Na de Serengeti terug naar de krater. Fris daar: iedereen kreeg `s nachts een warme kruik tussen de lakens gestopt. Toch nog een flinke verkoudheid opgelopen.
Een aards paradijs die krater, alle dieren huppelen er vrolijk en vredig door elkaar. Maar ja, er liggen toch hier en daar botten en schedels op de grond, dus de leeuwen en leopards zullen wel geen vegetariërs zijn en er zal af en toe wel eens bloed vloeien.
Voor het eerst van mijn leven heb ik daar een serval kat gezien, een soort mini leopard. Wandelde zomaar even langs.

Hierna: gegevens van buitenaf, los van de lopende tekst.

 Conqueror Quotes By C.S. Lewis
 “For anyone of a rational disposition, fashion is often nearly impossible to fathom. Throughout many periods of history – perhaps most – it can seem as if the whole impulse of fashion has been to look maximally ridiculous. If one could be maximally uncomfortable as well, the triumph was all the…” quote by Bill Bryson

Emanuel had tevoren gewaarschuwd dat die katten ongeluk brengen, en verdomd: `s ochtends had hij met zijn hand tussen de autodeur bekneld gezeten en was `n stukje van zijn vinger kwijtgeraakt en even later, terwijl we omringd waren door negen leeuwen, kreeg hij de motor niet meer gestart.

Om ze te eren voor hun verdiensten voor de bescherming van het Tanzaniaanse wild staat op de kraterrand een monument voor Bernard Grzimek en zijn zoon Michael die hier in 1959, 25 jaar oud, met zijn vliegtuigje is neergestort. Pa Bernard is in 1987 in Duitsland gecremeerd en zijn as is hier uitgestrooid.


Het Grzimek monument op de kraterrand
Ik heb veel genoten die vijf dagen in de wilde natuur, maar ook veel gevloekt. Op mijn camera. Geen of slecht contact met de lens en daarom zijn veel foto`s onscherp, over- of onderbelicht, zijn slecht van kleur en heel vaak miste ik mooie fotomomenten omdat hij het gewoon niet deed.

Donderdagmiddag terug richting Arusha en onderweg een paar keer gestopt voor souvenirs. Tanzania is de enige plek op aarde waar Tanzanite gevonden wordt, een blauwe edelsteen. Ik hou altijd wel van stenen dus dat leek me wel een toepasselijk souvenir. `Hoeveel kost deze hier bijvoorbeeld?`, vroeg ik aan de Indiase eigenaar van een souvenirwinkel. Hij pakte een rekenmachine, toetste wat getallen in en zei: `deze is 17000 US dollar!!!!`
Het zijn toch maar T-shirts en Masaikraaltjes geworden.

Terug naar de Planet lodge, dit keer echt helemaal alleen voor ons, en de volgende morgen leverde Emanuel ons weer af op Kilimanjaro airport.
En op vrijdag 13 april, precies om 13 uur, landden we weer veilig in Entebbe.